* [TASK GOAL]:
Your answer must be only the lines below from the one containing "13 Salem Dr, North Providence, RI 02904" through the one containing "Instant Parfait Chambre", copied exactly, with the pictures left out.

* [ENTRIES SHOWN]:
======
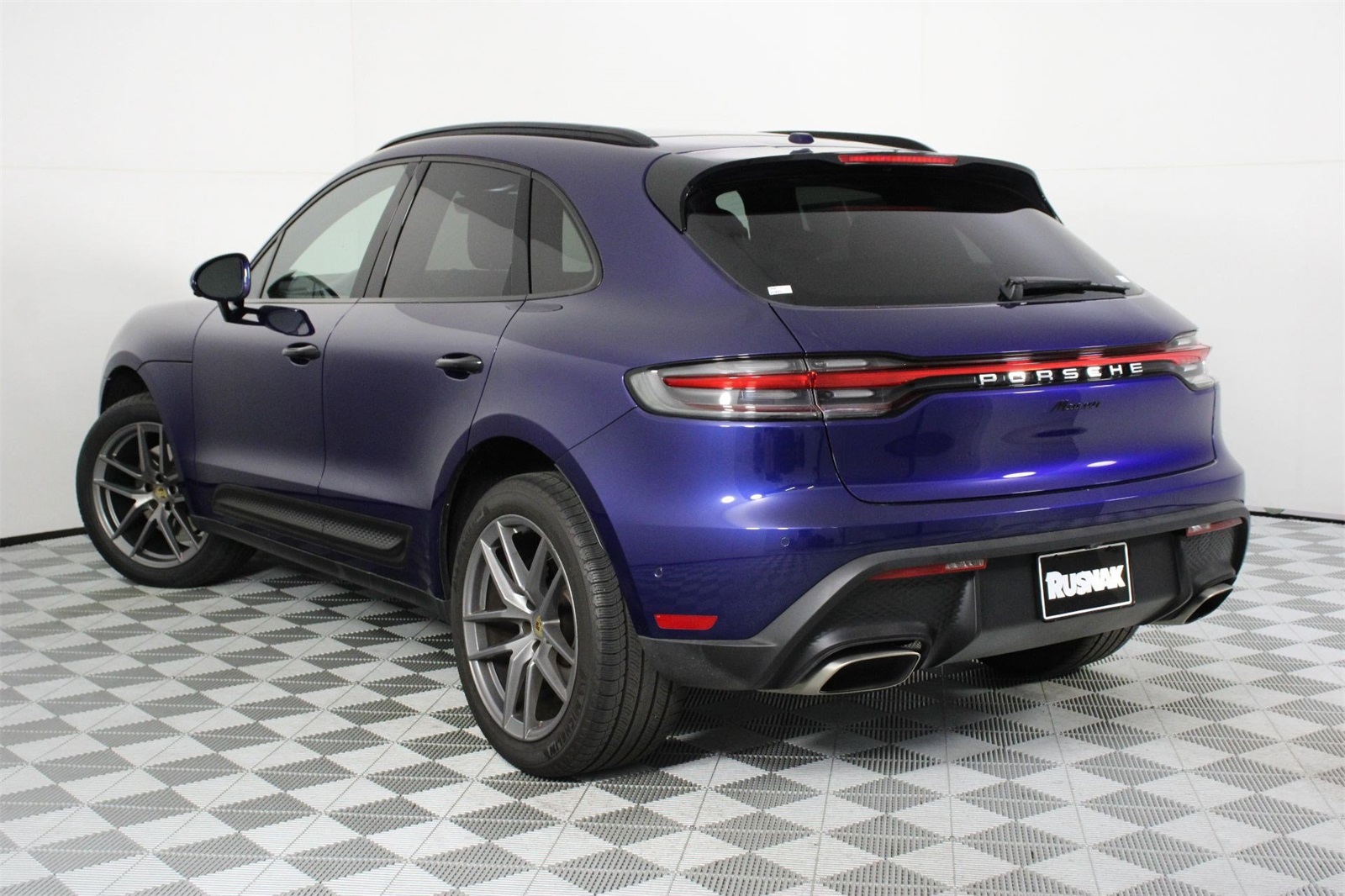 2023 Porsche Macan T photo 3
======
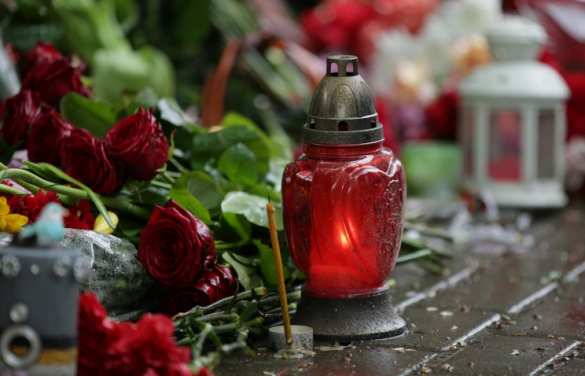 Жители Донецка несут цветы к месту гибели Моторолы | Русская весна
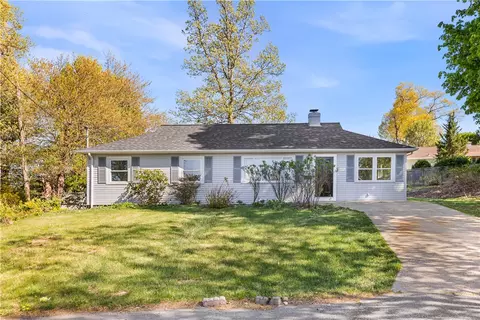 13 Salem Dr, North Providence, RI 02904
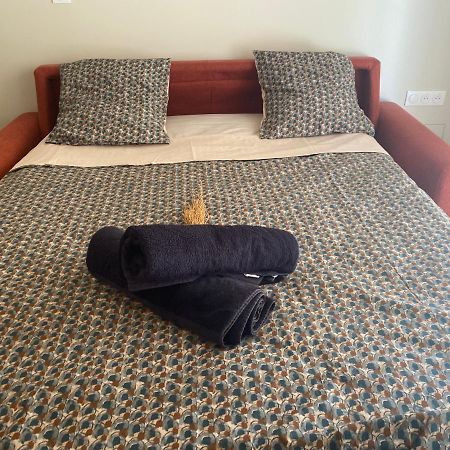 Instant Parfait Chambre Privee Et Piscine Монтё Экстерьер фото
======
* [EXERCISE RESPONSE]:
 13 Salem Dr, North Providence, RI 02904
 Instant Parfait Chambre Privee Et Piscine Монтё Экстерьер фото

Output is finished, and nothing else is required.